Dataset excerpt =
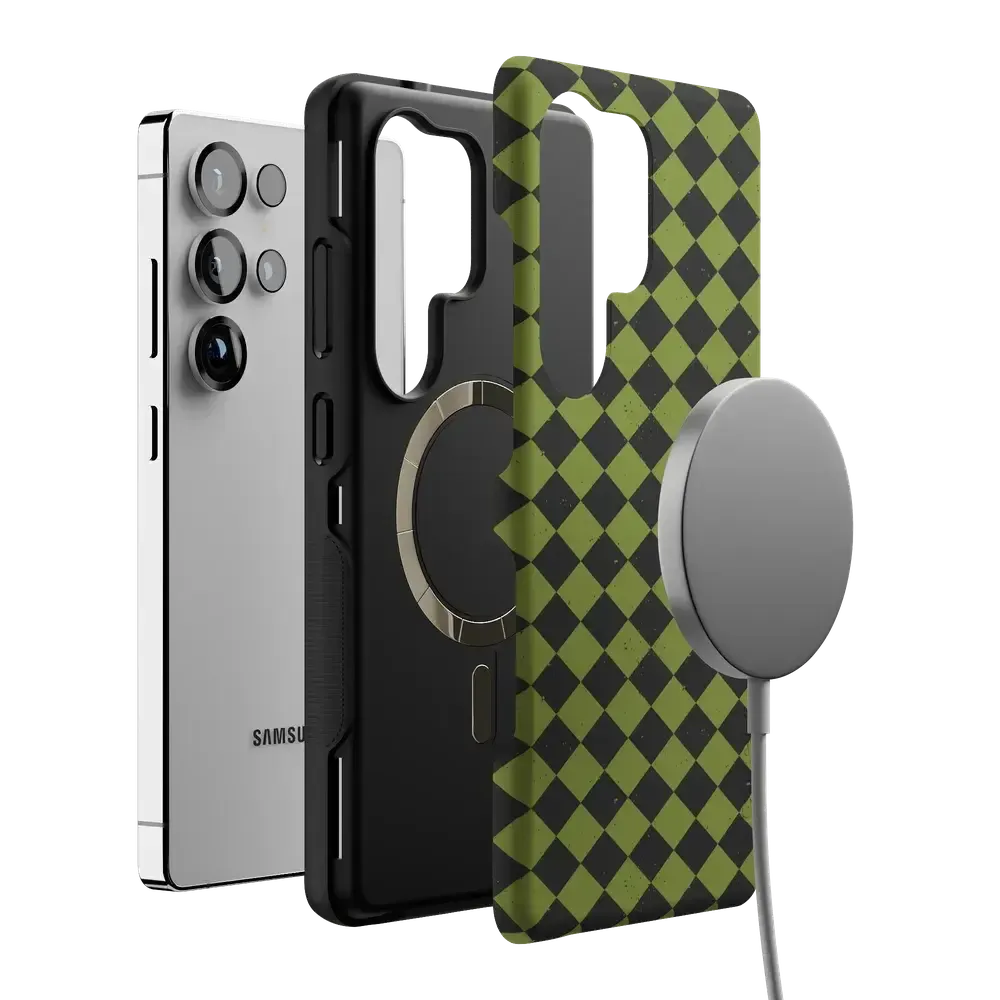 Wicked Hex | Green Checkered Case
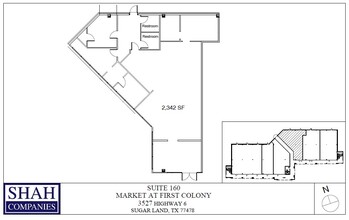 3527 Highway 6, Sugar Land, TX for lease Floor Plan- Image 1 of 2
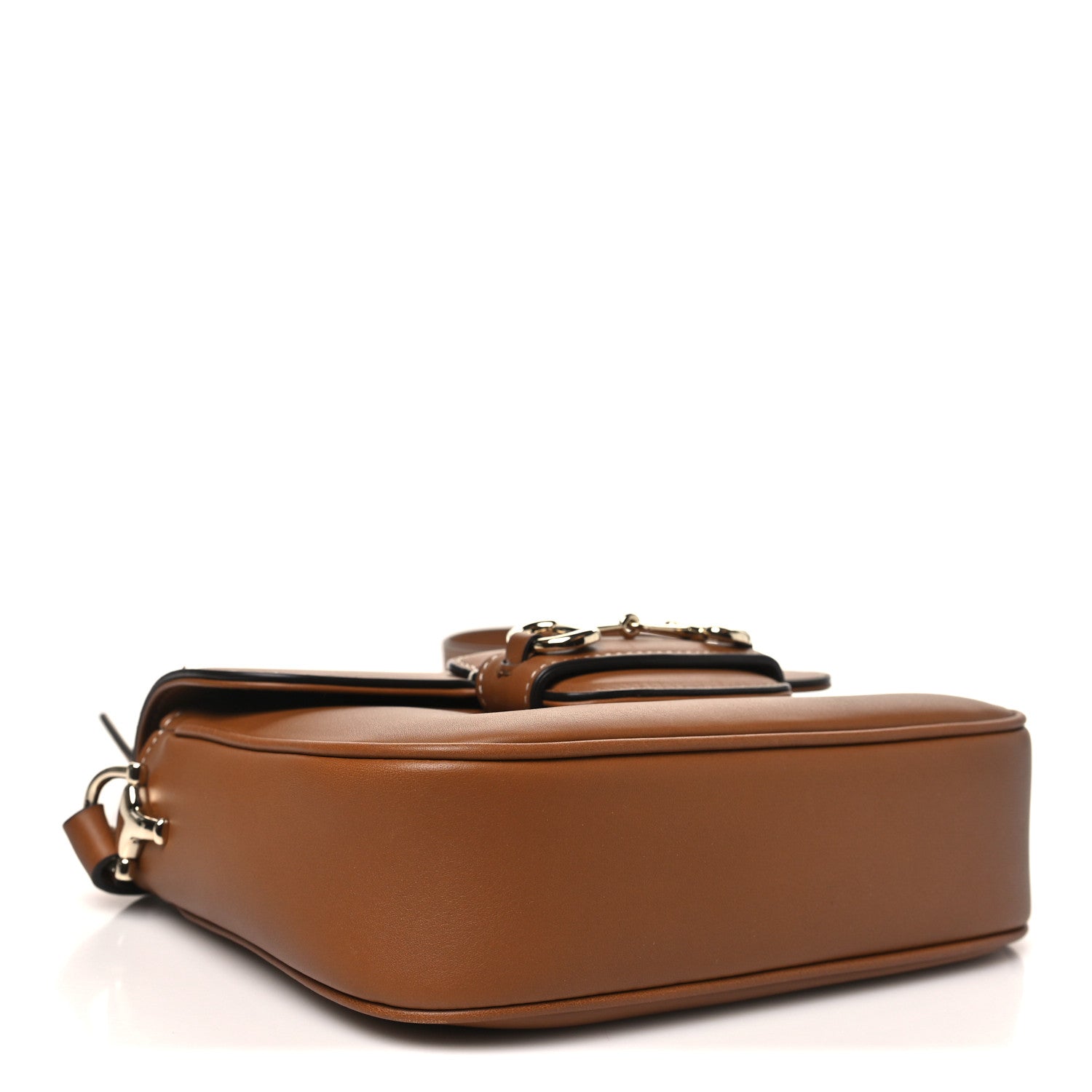 Arabella Calfskin Horsebit 1955 Soft Small Shoulder Bag Sundial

Activity =
Keep the pictures out and transcribe the listing exactly.

Task solution =
 Wicked Hex | Green Checkered Case
 3527 Highway 6, Sugar Land, TX for lease Floor Plan- Image 1 of 2
 Arabella Calfskin Horsebit 1955 Soft Small Shoulder Bag Sundial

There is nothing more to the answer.